- _Activity_
Lines from the one containing "The first thing" to the end of the data below are to be restated exactly, with both ends included and nothing else.

[Stored data entries]
· · · · ·

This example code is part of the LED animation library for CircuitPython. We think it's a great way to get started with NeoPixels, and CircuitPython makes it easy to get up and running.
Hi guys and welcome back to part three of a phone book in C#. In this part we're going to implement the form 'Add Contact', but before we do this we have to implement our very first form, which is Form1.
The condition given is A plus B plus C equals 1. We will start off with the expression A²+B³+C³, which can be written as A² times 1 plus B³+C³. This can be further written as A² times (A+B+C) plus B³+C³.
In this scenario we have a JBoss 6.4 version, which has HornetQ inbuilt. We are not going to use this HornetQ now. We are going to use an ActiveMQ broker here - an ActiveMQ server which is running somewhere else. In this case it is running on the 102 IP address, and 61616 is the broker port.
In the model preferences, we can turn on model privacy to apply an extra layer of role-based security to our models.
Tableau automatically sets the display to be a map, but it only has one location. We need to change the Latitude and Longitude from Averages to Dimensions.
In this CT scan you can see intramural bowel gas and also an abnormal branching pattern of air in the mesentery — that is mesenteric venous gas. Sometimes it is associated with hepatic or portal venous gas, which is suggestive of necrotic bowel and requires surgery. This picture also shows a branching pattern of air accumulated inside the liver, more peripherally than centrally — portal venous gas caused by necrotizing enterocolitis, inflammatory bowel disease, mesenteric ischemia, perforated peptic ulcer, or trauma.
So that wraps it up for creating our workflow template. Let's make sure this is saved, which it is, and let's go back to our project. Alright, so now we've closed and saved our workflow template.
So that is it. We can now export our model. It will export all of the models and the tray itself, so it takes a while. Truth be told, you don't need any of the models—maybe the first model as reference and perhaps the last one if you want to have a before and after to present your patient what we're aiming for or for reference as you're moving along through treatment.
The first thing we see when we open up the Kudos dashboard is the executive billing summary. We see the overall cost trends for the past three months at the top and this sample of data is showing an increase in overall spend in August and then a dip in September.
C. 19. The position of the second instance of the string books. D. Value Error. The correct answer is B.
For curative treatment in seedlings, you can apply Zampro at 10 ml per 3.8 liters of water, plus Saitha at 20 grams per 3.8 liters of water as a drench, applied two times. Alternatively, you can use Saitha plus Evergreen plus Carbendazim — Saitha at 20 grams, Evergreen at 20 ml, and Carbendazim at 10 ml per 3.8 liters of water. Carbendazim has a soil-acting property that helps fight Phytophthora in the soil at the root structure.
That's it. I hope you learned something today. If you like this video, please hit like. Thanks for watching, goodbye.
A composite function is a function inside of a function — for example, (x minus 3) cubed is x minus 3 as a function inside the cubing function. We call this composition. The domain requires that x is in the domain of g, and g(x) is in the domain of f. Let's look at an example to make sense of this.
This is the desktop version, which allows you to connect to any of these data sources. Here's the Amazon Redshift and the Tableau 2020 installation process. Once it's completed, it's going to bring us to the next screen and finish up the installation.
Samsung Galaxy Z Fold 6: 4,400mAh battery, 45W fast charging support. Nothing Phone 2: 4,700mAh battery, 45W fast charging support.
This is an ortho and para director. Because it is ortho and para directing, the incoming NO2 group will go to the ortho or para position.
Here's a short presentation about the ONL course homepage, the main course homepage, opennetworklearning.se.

· · · · ·

- _The completed task_
The first thing we see when we open up the Kudos dashboard is the executive billing summary. We see the overall cost trends for the past three months at the top and this sample of data is showing an increase in overall spend in August and then a dip in September.
C. 19. The position of the second instance of the string books. D. Value Error. The correct answer is B.
For curative treatment in seedlings, you can apply Zampro at 10 ml per 3.8 liters of water, plus Saitha at 20 grams per 3.8 liters of water as a drench, applied two times. Alternatively, you can use Saitha plus Evergreen plus Carbendazim — Saitha at 20 grams, Evergreen at 20 ml, and Carbendazim at 10 ml per 3.8 liters of water. Carbendazim has a soil-acting property that helps fight Phytophthora in the soil at the root structure.
That's it. I hope you learned something today. If you like this video, please hit like. Thanks for watching, goodbye.
A composite function is a function inside of a function — for example, (x minus 3) cubed is x minus 3 as a function inside the cubing function. We call this composition. The domain requires that x is in the domain of g, and g(x) is in the domain of f. Let's look at an example to make sense of this.
This is the desktop version, which allows you to connect to any of these data sources. Here's the Amazon Redshift and the Tableau 2020 installation process. Once it's completed, it's going to bring us to the next screen and finish up the installation.
Samsung Galaxy Z Fold 6: 4,400mAh battery, 45W fast charging support. Nothing Phone 2: 4,700mAh battery, 45W fast charging support.
This is an ortho and para director. Because it is ortho and para directing, the incoming NO2 group will go to the ortho or para position.
Here's a short presentation about the ONL course homepage, the main course homepage, opennetworklearning.se.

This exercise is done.